I don’t like being the naysayer on no-till but facts are facts. It isn’t really no-till most of the time anyway. It is the substitution of more sophisticated cultivating tools for the moldboard plow. These new tools work up the soil so marvelously level and firm the seedbed so effectively that nearly every planted kernel comes up. A worked field looks like a work of abstract art. And erosion is, at least on the more level fields, better controlled. But, alas, economics dictates bigger and bigger machines to make it all profitable. The latest versions of webbed, tank-like tracks (like on a Caterpillar) instead of wheels on tractors seem to help but the deep down compaction goes on anyway. In fact, since the webbed tracks allow one to drive on muddy soil without getting stuck so easily, the deep-down compaction actually could get worse.

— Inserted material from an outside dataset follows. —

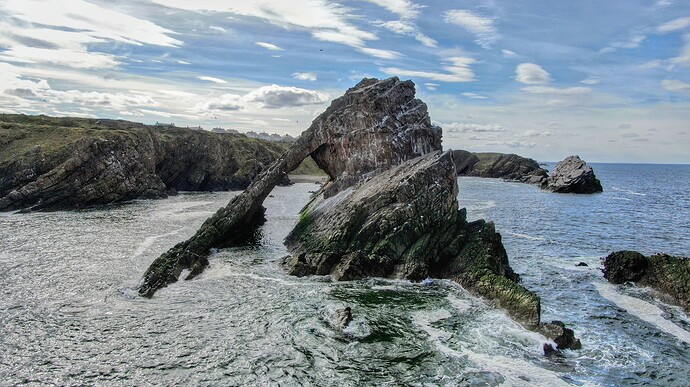 a80f55c5-7613-408b-a759-763efefda3ab~1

I would like to say that “no-till” is still better than the old moldboard plow, but even that observation needs qualification. Depends on how you use the moldboard. In the hands of my Amish friends who plow a field only intermittently, that is not every year, in a rotation of corn, oats, and hay, there is little erosion and yields are good to excellent even on hilly soil in a dry year. I know because I’ve walked through their corn fields. But I can think of something better, maybe. If no-till farmers used their cultivation tools the way Amish dairy farmers used theirs, that is, with smaller and therefore lighter versions and long rotations with legumes and cover crops, no-till just might deliver what it promised.